(Exercise directions): Return the stretch from the line with "Bathroom Update: Ceiling" through the line with "Top drapat cu maneci accesorizate cu paiete" in the data below, character for character, skipping all pictures.

(Provided records):
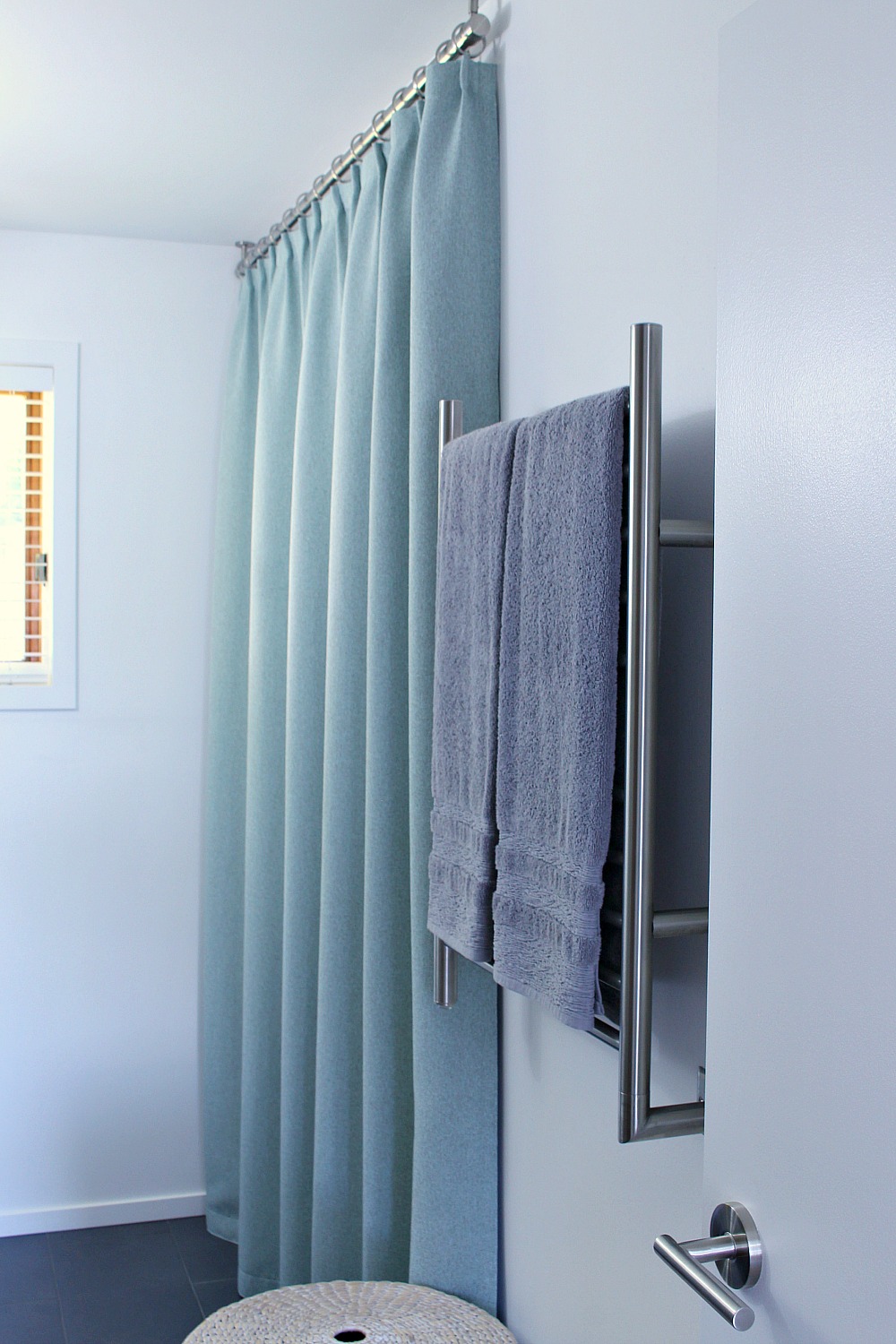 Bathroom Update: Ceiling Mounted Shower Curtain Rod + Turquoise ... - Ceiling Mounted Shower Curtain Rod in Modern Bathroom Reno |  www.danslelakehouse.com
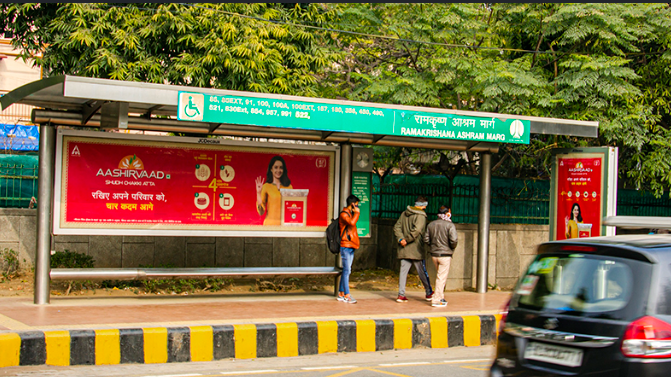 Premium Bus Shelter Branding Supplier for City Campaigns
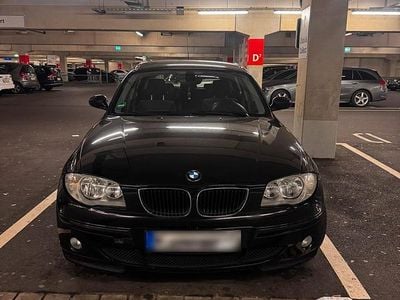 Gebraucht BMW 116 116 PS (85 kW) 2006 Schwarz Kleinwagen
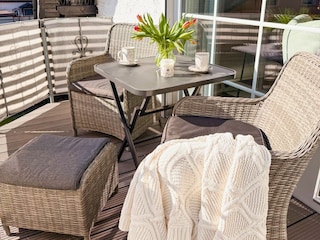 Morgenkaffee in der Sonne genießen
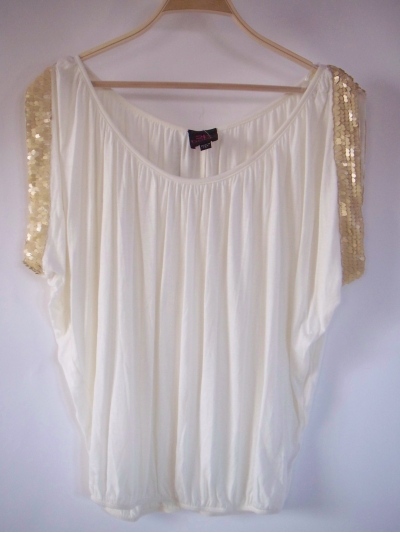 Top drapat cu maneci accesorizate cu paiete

...

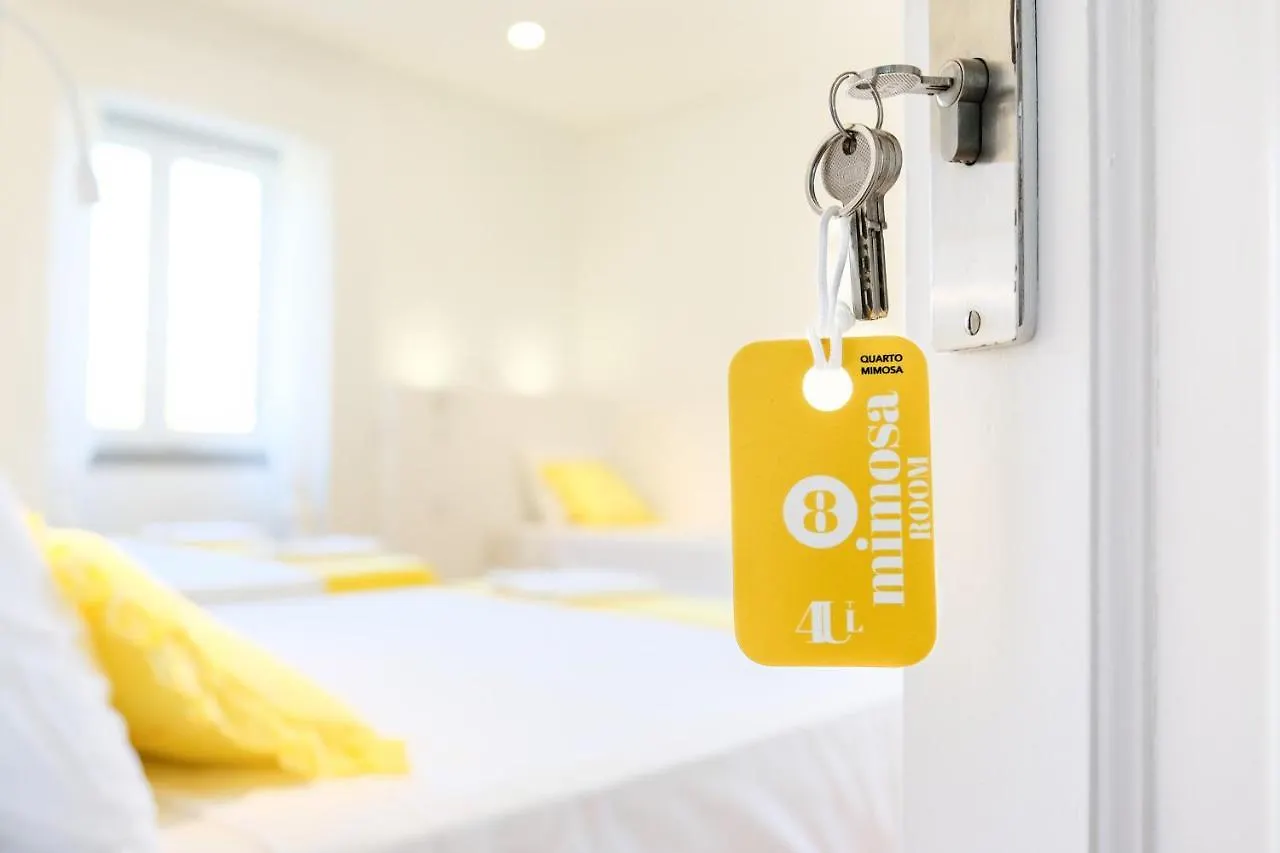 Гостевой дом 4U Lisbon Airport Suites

...

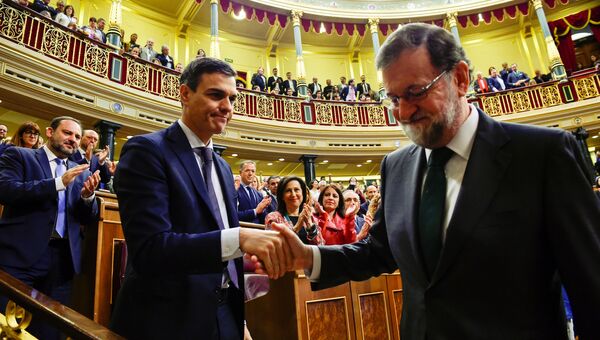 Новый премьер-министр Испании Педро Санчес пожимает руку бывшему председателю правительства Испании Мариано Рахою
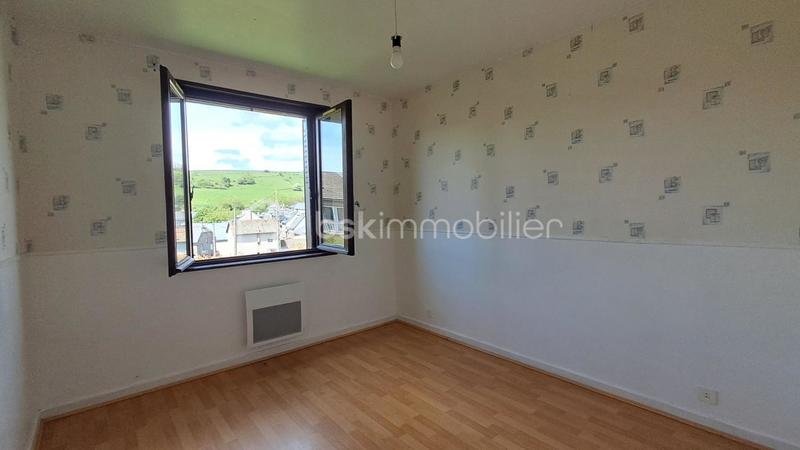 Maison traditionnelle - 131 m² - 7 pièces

(Solution to this exercise):
 Bathroom Update: Ceiling Mounted Shower Curtain Rod + Turquoise ... - Ceiling Mounted Shower Curtain Rod in Modern Bathroom Reno |  www.danslelakehouse.com
 Premium Bus Shelter Branding Supplier for City Campaigns
 Gebraucht BMW 116 116 PS (85 kW) 2006 Schwarz Kleinwagen
 Morgenkaffee in der Sonne genießen
 Top drapat cu maneci accesorizate cu paiete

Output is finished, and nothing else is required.